A year after graduating from Dartmouth College, Andrew Goldstein remains understandably proud of his accomplishments as an All-American goalie for the lacrosse team. Recently, Goldstein discovered that not everyone cherishes the sport as much as he does.
Goldstein, wearing a Dartmouth lacrosse T-shirt, was walking along Fisherman's Wharf in San Francisco when a stranger approached him and stridently asked, "You're still willing to wear that shirt in public?"
Taken aback, Goldstein said he believes that the decisions of a few do not represent an entire sport.
"What happened at Duke has reinforced how people view lacrosse players as the elite," says Goldstein, who will play Major League Lacrosse this summer for the Long Island Lizards. "It's completely unfair to pin all these things on the sport."
Yet, setting aside for a moment the allegation of rape at a team lacrosse party just off campus in Durham, N.C., on March 13, critics continue to suggest that the self-acknowledged behavior of the Duke athletes fits with the culture of lacrosse.

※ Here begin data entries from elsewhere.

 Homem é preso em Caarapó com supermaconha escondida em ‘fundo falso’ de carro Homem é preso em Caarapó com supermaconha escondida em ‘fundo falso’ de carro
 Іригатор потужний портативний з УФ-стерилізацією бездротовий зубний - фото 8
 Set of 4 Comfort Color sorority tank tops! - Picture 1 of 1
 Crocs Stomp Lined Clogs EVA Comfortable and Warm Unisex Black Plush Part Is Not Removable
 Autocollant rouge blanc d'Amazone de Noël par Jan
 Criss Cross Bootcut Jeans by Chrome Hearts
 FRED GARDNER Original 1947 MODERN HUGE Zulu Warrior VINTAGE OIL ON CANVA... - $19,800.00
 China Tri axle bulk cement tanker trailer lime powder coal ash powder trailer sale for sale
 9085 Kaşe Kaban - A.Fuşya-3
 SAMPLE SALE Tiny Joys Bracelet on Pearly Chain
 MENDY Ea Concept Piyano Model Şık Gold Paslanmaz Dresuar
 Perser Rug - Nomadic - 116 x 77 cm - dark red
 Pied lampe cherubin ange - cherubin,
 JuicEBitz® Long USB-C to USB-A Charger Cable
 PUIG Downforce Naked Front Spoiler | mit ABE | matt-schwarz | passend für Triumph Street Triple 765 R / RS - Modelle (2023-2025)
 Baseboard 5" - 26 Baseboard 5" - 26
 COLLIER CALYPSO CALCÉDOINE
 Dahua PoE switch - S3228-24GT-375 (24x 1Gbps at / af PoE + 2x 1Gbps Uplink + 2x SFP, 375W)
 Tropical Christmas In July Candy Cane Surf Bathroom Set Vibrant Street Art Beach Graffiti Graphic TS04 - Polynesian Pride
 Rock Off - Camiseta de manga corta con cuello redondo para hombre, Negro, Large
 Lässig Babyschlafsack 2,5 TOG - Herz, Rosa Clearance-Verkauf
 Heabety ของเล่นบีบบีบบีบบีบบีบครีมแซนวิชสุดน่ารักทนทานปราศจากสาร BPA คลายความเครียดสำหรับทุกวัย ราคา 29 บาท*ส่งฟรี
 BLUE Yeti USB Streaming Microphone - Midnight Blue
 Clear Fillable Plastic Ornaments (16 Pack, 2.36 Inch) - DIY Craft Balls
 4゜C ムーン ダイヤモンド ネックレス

And more than a dozen ESPN.com interviews with those involved in the game at the college level indicate that the general party atmosphere that surrounded the Duke team is consistent with that generally found in the sport.
The infamous party 10 weeks ago spawned three arrests on charges of rape, as well as allegations of racism and the perception of a program out of control. The Duke team that lost to Johns Hopkins in last year's Division I championship withdrew from competition midway through the season, and its status for next year remains uncertain. In the wake of the scandal, and only one year after a nine-page valentine to the sport appeared in Sports Illustrated, lacrosse -- heading into the NCAA men's tournament semifinals and finals this weekend in Philadelphia -- is under siege.
"The sport of lacrosse is taking a beating," says Dom Starsia, head coach of the No. 1-ranked, 15-0 Virginia Cavaliers, who will meet Syracuse Saturday in one of two national semifinals at Lincoln Financial Field. "For coaches and administrators, this is our absolute worst nightmare. The college game is such a fragile little animal, anyway. If Duke doesn't bring the team back, I don't know where we're going to be."
Says Yale University lacrosse coach Andy Shay, "That's the prevailing fear among college coaches. When 99 percent of the country's first exposure to lacrosse is this incident, well, first impressions are the most important thing. It's certainly not something that we're all proud of. It's not indicative of the culture, but it's the first thing people are pointing to."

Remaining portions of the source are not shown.